Tout accoutumée qu’elle soit à se réfréner silencieusement pour se conformer aux attentes sociales, elle est d’autant plus fascinée par les initiatives militantes, comme le boycott du sucre, qu’en cette première moitié de XIXe siècle, quelques poignées de femmes ont choisi de mener en faveur de l’abolitionnisme. Mais, c’est en approchant le témoin clé de l’affaire Tichborne – dont le réel et retentissant procès, symbole de la revanche des classes laborieuses, passionna le pays dans les années 1860 et 1870 – qu’elle découvre le vrai visage, bien loin de ce que l’on en présente alors couramment, de la production sucrière jamaïcaine. Cet homme, Andrew Bogle, esclave dans une plantation anglaise en Jamaïque, fut serviteur chez les Tichborne, une famille aristocratique dont l’héritier disparu dans un naufrage réapparaît quelques décennies plus tard sous les traits d’un boucher à l’accent cockney venu d’Australie. L’imposture semble flagrante, pourtant le procès s’éternise et enflamme la société victorienne. L’histoire personnelle de Bogle obtenue en confidence servira de déclencheur chez Eliza. Bien décidée cette fois à ne faire aucune concession avec la vérité, cette femme contrainte à la dissimulation sa vie durant choisira l’écriture pour libérer sa voix et enfin sortir de sa propre imposture.
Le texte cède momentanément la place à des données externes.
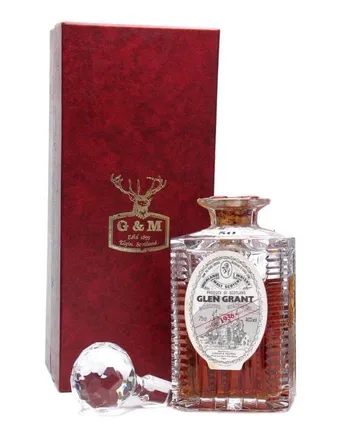 Glen Grant 1936 50 ans Crystal Decanter Gordon & Macphail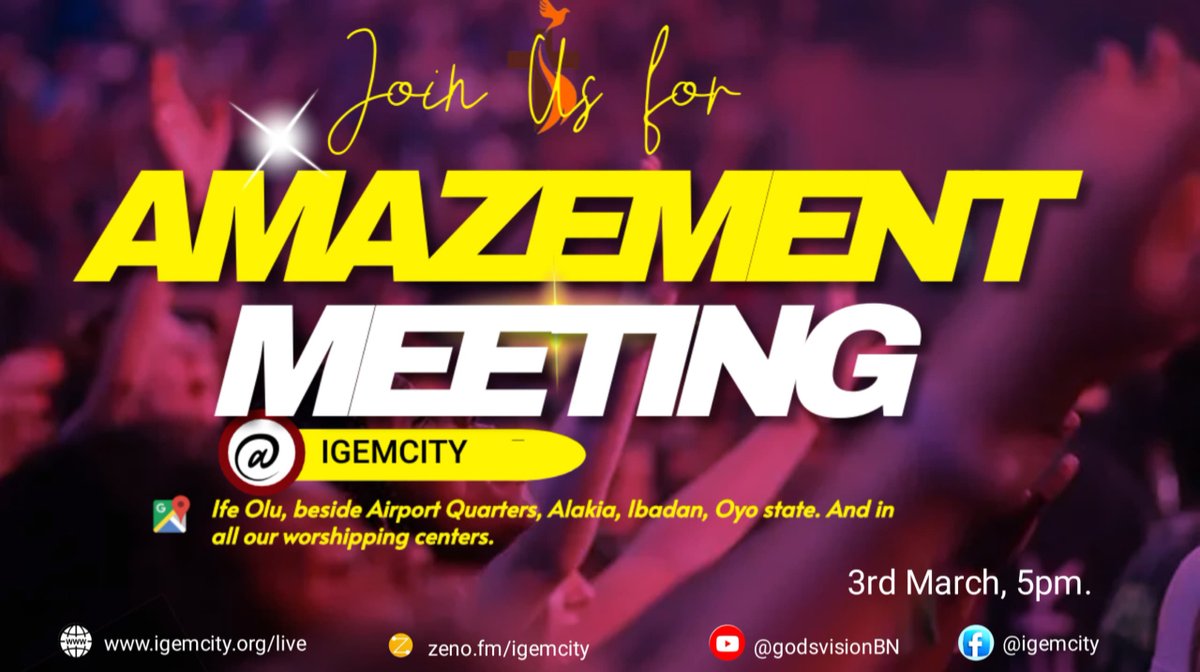 And it shall come to pass, that before they call, I will answer; and while they are yet speaking, I will hear. Isaiah 65:24. Come and call unto the Lord for the miracle you desire. Join us. #igem #gospel #amazementmeeting #healing #deliverance #miracle #Jesus #salvation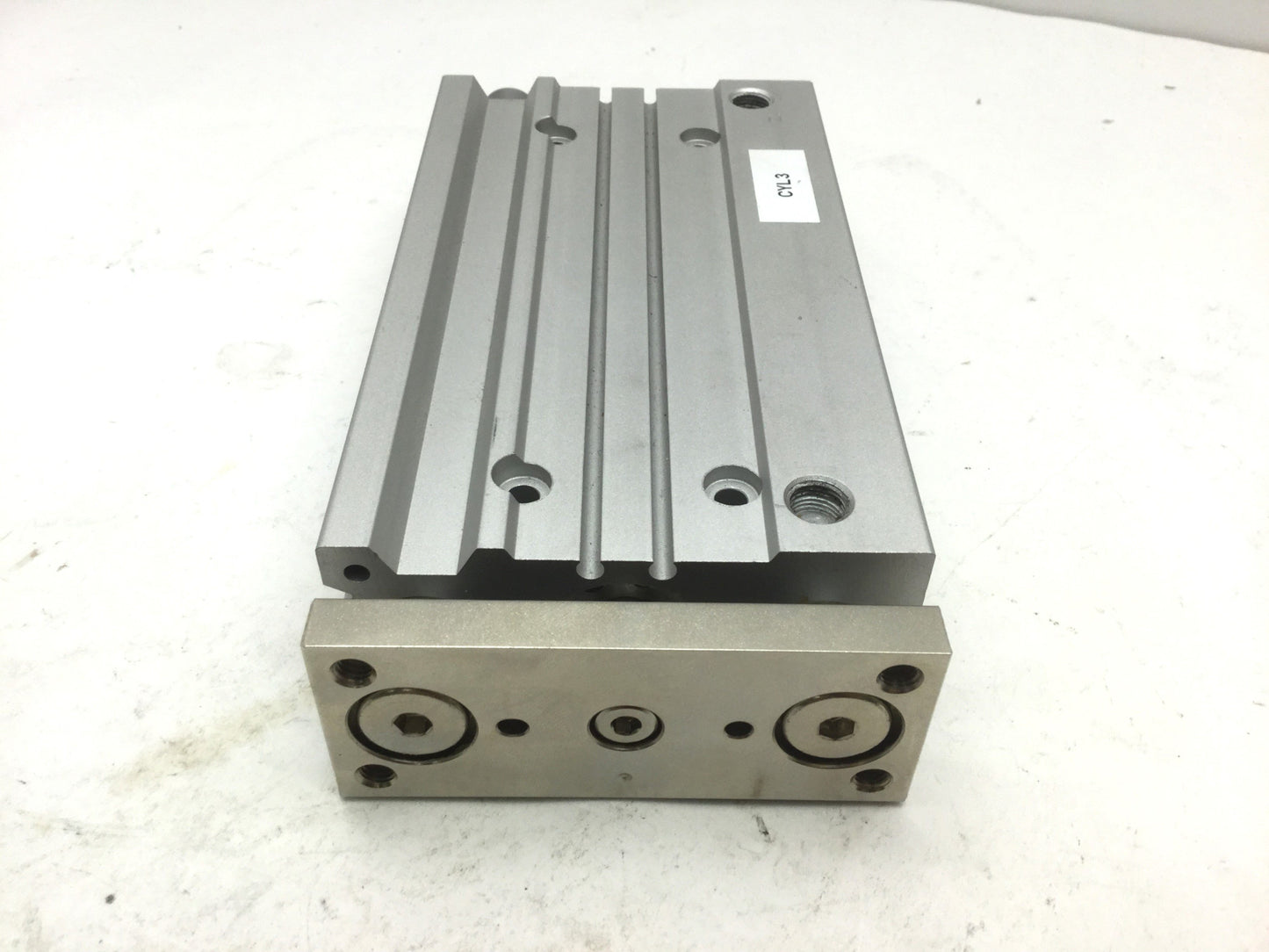 Used SMC MGPM25TN-125Z Compact Guide Cylinder Slide Bearing 25mm Bore 125mm Stroke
Avec ses chapitres courts rivalisant d’esquives entre réalité et fiction en incessants allers-retours temporels, L’imposture empile mensonges et faux-semblants à tous les étages, collectifs comme individuels, pour dénoncer ces complexes et honteux phénomènes de société finissant par parer le plus vil et le plus inacceptable 
en l’occurrence l’esclavage mais aussi toutes les formes de sujétion, sexiste et sociale  des couleurs d’une moralité naturelle et sereine. (4/5)

 

Citations : 

Au fil des ans, elle était parvenue à la conclusion qu’il était inutile de se dresser contre l’ignorance crasse, de même qu’on ne pouvait reprocher à un nourrisson non baptisé de ne pas connaître le Christ. « S’il savait ce que je sais, il ressentirait ce que je ressens », voilà ce qu’elle se répétait souvent pour rester saine d’esprit.
 

C’était peut-être à cause de ce que les vieilles femmes appelaient « le changement ». Une illusion féminine particulière, à ne pas prendre au sérieux, mais apparemment impossible à éviter. Dans l’esprit de Mrs Touchet, cela constituait la dernière haie à franchir dans le steeple-chase imposé aux dames :  
Les humiliations vécues en tant que filles.
Le tri entre les belles, les ordinaires et les laides.
La crainte de finir vieille fille.
Les épreuves du mariage ou de la maternité – ou bien leur absence.
 La disparition de cette beauté autour de laquelle tout semblait tourner.
Le changement de vie.
 

Elle ne pouvait que constater qu’avec l’âge, les frontières tracées autour de sa personne s’estompaient et fluctuaient. Alors que chez beaucoup de gens de sa connaissance, les hommes notamment, les frontières ne faisaient que se renforcer. Ils édifiaient de nouvelles barrières, voire des murs, ou des créneaux. Eliza ne manquait jamais de se féliciter de cette différence.